Mazurka for Two Dead Men
Page 23
When he finished his speech, Robín Lebozán fell asleep and Miss Ramona tiptoed out of the room so as not to disturb him.
“The truth of the matter is that neither of us is having too much luck.”
Ádela and Georgina, Moncho Lazybones’ cousins, dance cheek to cheek with Miss Ramona and Rosicler.
“Shall I slip a breast out of my bodice?”
“No, better take your blouse off.”
The Red Cross sent a communique stating that Aunt Salvadora, the Casandulfe Raimundo’s mother, died in Madrid of natural causes, Uncle Cleto feels very self-important and bashes his jazz band with an almost joyous touch, a New Orleans black couldn’t have done better.
The Casandulfe Raimundo imagines that a younger and perhaps slightly more cultured character than Don Atanasio Higueruela from Segovia might have been able to reel off the following paragraph:
“The Official Bulletin is even worse than the war itself, it doesn’t do to say so but it’s the patent truth, believe me, the Official Bulletin is a weapon in the hands of the Holy Joes, they’re the ones that are going to win out in the end, conquerors for fifty years or more, first things first, the congregations know how to earn the dough and share out the profits and jubilations but, above all, they know how to handle their tools: warrants for the seizure and destruction of pornographic, Marxist, atheistic, and, by and large, corrupting books (scourges of the soul stem from reading), suppression of coeducation in schools (promiscuity), appointment of city councils by civil governors (for the sake of unity), purge in civil service (the common weal should not be administered by traitors), the cult of the Virgin to be made compulsory in schools (together with the Roman greeting Ave Maria), the establishment of censorship for the press, books, theater, cinema, broadcasting (liberty should not be confused with libertinism), freedom of meeting and association to be abolished (dissemination of false truths), abolition of civil marriage (concubinage) and divorce (debauched contractual sophistry), prohibition of the use of names not appearing in the Sanctoral calendar (crusade against paganism), the worst of it is the setback it will be to Spanish history.”
Poor Higueruela would never have thought of the foregoing nor would anything of this nature ever have occurred to him. Higueruela tried not to think too much and kept his thoughts under his hat but the Casandulfe Raimundo had to attribute this to somebody or other.
“Do you mind?”
“Me? Not at all.”
Tanis Gamuzo’s dogs are fearless but quiet, they never lash out at anybody in vain, Kaiser was left badly injured by a wolf and Tanis had to use his knife to destroy him, it was a terrible pity but there was nothing else to be done. Tanis Gamuzo also has four mastiff breeding bitches: Butterfly, Pearl, Witch, and Blossom, though he doesn’t often take them up the mountain for they’re worth a pretty penny and might meet with some mishap or other, it could get them all worked up and upset the mother dog. Tanis is known as Demon for he’s a very demon in his thoughts, he thinks better and faster then anyone hereabouts. Tanis’ wife is called Rosa, she’s the daughter of Eleuterio Roucón, Britches, the client they threw out of Sprat’s place for spitting in the face of Blind Gaudencio. Britches is scared of his son-in-law for he knows that one day he will smash his face in.

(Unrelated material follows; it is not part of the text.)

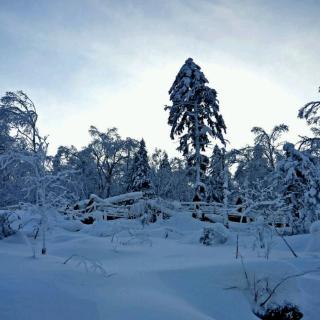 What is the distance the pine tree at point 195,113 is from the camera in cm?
2258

“Let’s see you tackle Tanis, you bloody swine! Bet you wouldn’t dare square up to a man who can look you in the eye, you wretch!”
Demon loves to skinny dip in Lucio Mouro’s millpond, sometimes the half-wit from Martiñá ducks about with him.

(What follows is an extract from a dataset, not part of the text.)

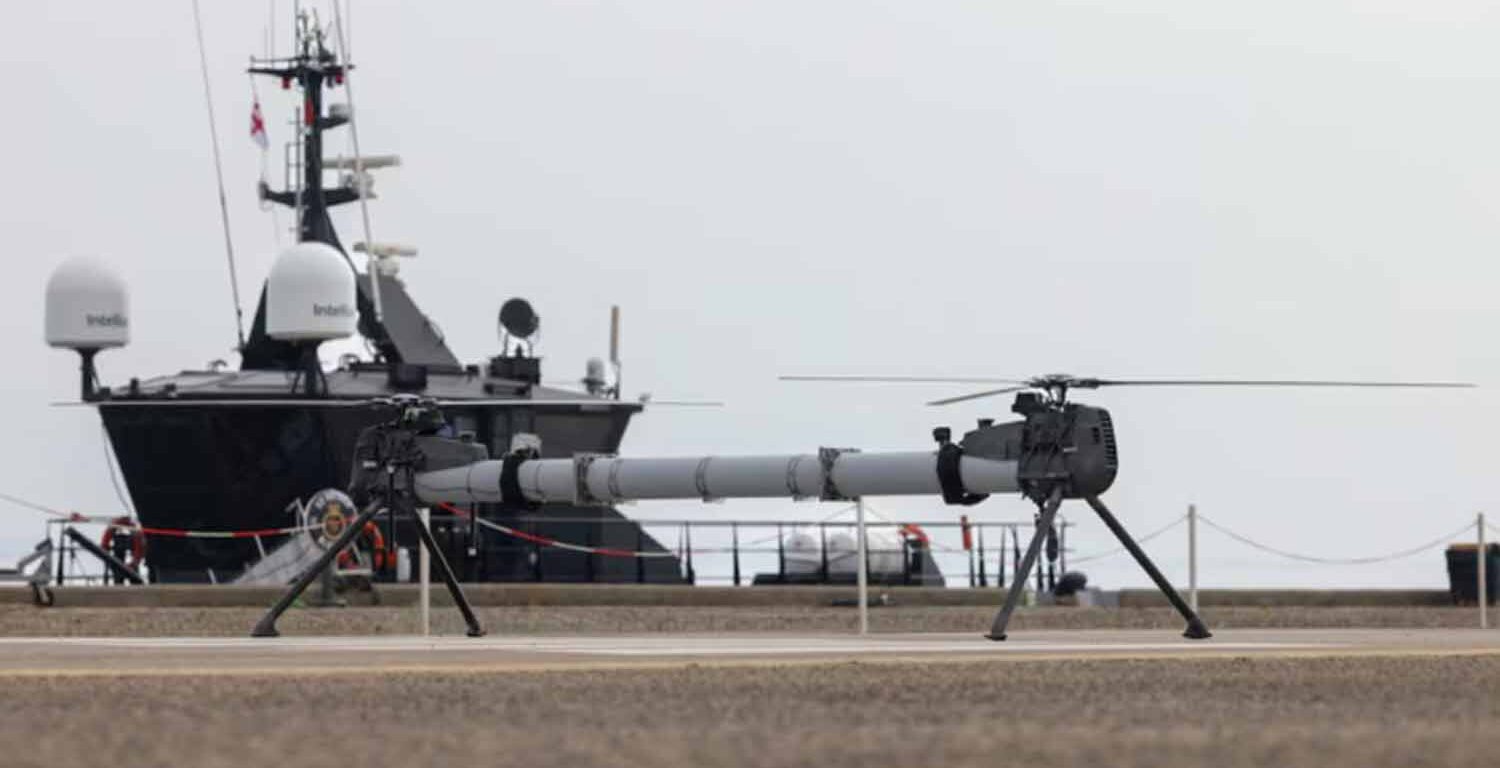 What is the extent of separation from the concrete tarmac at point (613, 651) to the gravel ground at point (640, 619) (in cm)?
456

“Watch out, girl, or you’ll drown!”
Lucio Mouro was found dead one black morning on the road to Casmoniño, it’s a generous hand that metes out sorrow, apparently grief abounds in this world. Catuxa Bainte, the half-wit from Martiñá, buried the miller with tears streaming down her face.
“He was a good sort, one that would never throw stones at anybody. He owned the water and the flowers, the reeds on the banks as well, and was great at weaving fine, sturdy baskets. I know who killed him and I’ll live to see him die one day.”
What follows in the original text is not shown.